Tuberculosis . Tuberculosis , an infectious disease caused by Mycobacterium tuberculosis , is transmitted by droplet infection and first manifests itself in the lungs. The x-ray shows characteristic moth-eaten lesions, which earned the disease the nickname "the moths".

Inflammation . Inflammations in the lungs are divided into pneumonia ( inflammation of the lungs ), in which the lung tissue is affected, bronchitis as an inflammation of the bronchi and bronchiolitis , the inflammation of the small bronchi.

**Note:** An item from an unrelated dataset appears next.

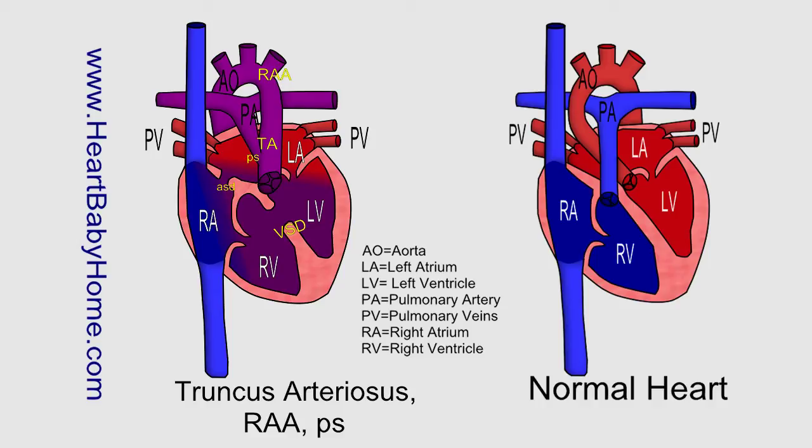Right aortic arch, or RAA. That's when the aorta, as it's leaving the heart, arches to the owner's right side and then turns downward, whereas in a normal heart, the aorta arches to the owner's left side.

Neoplasms . Lung cancers are known as bronchial carcinoma because they develop as malignant neoplasms of degenerate cells in the bronchi or bronchioles. It is one of the most common malignant diseases in humans. According to the World Health Organization , different subtypes are differentiated on the basis of histology : squamous cell carcinoma , adenocarcinoma , small and large cell carcinoma and other, rarely occurring types. In addition, due to their filter function, metastases from other tumors are often found in the lungs .

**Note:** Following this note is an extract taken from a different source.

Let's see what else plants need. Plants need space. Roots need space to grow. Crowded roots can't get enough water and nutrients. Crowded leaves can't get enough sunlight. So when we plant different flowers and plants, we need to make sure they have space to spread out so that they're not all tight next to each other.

If breathing stops , the lungs can be ventilated - pulsing - by filling them with low-dose excess air pressure via the bronchi, which in an emergency or under anesthesia serves to sustain life.

Bird lungs

In contrast to the mammalian lung, the bird's lungs are immobile in the chest cavity . They lie dorsal to a connective tissue membrane ( horizontal septum ). The pleura is created embryonically , but forms back again. The bird lungs are not lobed and do not change their volume while breathing , but are ventilated through air sacs.

At the bifurcation of the windpipe ( trachea ), the air-conducting system divides into the two trunk bronchi . This is also where the birds' vocal organ, the syrinx, is located . Four groups of secondary bronchi (medioventral, mediodorsal, lateroventral and laterodorsal) go from the trunk bronchi . The further branches of the laterodorsal bronchi are called neopulmo .

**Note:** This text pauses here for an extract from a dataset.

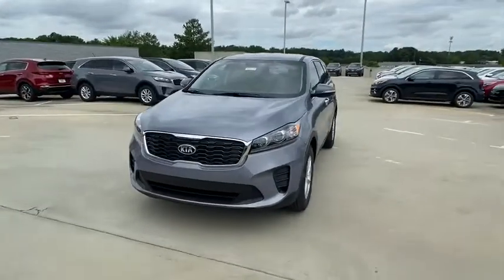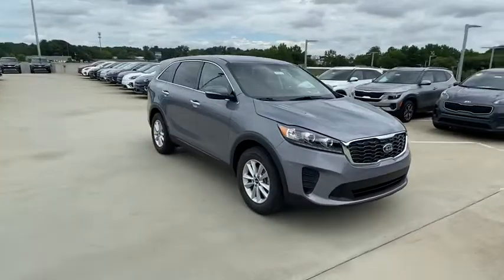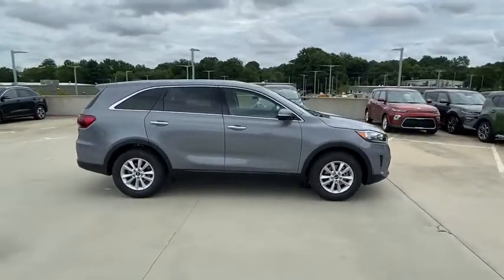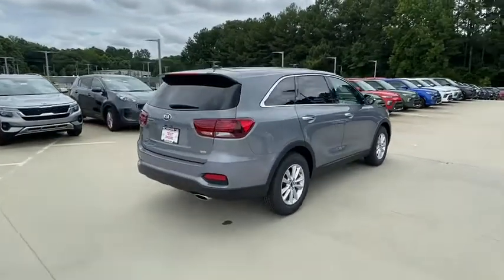Stop by and take a look at the 2020 Kia Sorento. The Kia Sorento is a comfortable riding, powerful compact SUV loaded with impressive standard features. Take one look at its stylish, sleek design and you'll want to cross over to a Sorento.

Parabronchia (lung pipes) emanate from the secondary bronchi. They are 0.5–2 mm thick. In its wall there are small funnel-shaped openings that lead into the air capillaries ( pneumocapillares ). The air capillaries form a network of tubes that communicate with one another and are the actual exchange tissue around which dense blood capillary networks are formed. In contrast to mammals , it is not a blind ending system, but an open tube system. After flowing through the lungs, the air enters the air sacs, which, like bellows, provide ventilation (the air flow).

See also


  • Gerhard Thews: Human anatomy, physiology, pathophysiology. Wissenschaftliche Verlags-Gesellschaft, Stuttgart 2007, ISBN 978-3-8047-2342-9 .
  • Franz-Viktor Salomon: respiratory system. In: Salomon u. a. (Ed.): Anatomy for veterinary medicine. 2., ext. Edition. Enke, Stuttgart 2008, ISBN 978-3-8304-1075-1 , pp. 324-367.
  • TH Schiebler, W. Schmidt (Ed.): Textbook of the entire human anatomy. Cytology, histology, history of development, macroscopic and microscopic anatomy. 3. Edition. Springer-Verlag, Berlin / Heidelberg / New York / Tokyo 1983, ISBN 3-540-12400-4 , pp. 423-429.
  • GM Hughes, ER Weibel: Morphometry of fish lungs. In: Respiration of Amphibious Vertebrates. Academic Press, London 1976, ISBN 0-12-360750-7 .

Web links

Commons : Lungs  - collection of images, videos and audio files
Wiktionary: Lunge  - explanations of meanings, word origins, synonyms, translations
Wikibooks: Lungs  - learning and teaching materials

Individual evidence

  1. ^ TH Schiebler, W. Schmidt (ed.): Textbook of the entire human anatomy. Cytology, histology, history of development, macroscopic and microscopic anatomy. 1983, p. 424 ( adult lungs ).
  2. lungs. In: Digital dictionary of the German language . Retrieved July 29, 2019
  3. Lungs, the. In: Duden , accessed on July 29, 2019.
  4. ^ Klaus Holldack, Klaus Gahl: Auscultation and percussion. Inspection and palpation. Thieme, Stuttgart 1955; 10th, revised edition, ibid 1986, ISBN 3-13-352410-0 , p. 71 f.
  5. Ernst Kern : Seeing - Thinking - Acting of a surgeon in the 20th century. ecomed, Landsberg am Lech 2000, ISBN 3-609-20149-5 , p. 164.
  6. ^ A b Hans Frick, Helmut Leonhardt , Dietrich Starck : Special Anatomy (= pocket textbook of the entire anatomy. Volume 2). 4th, revised. Edition. Volume 2. Georg Thieme Verlag, Stuttgart 1992, ISBN 3-13-356904-X , p. 68.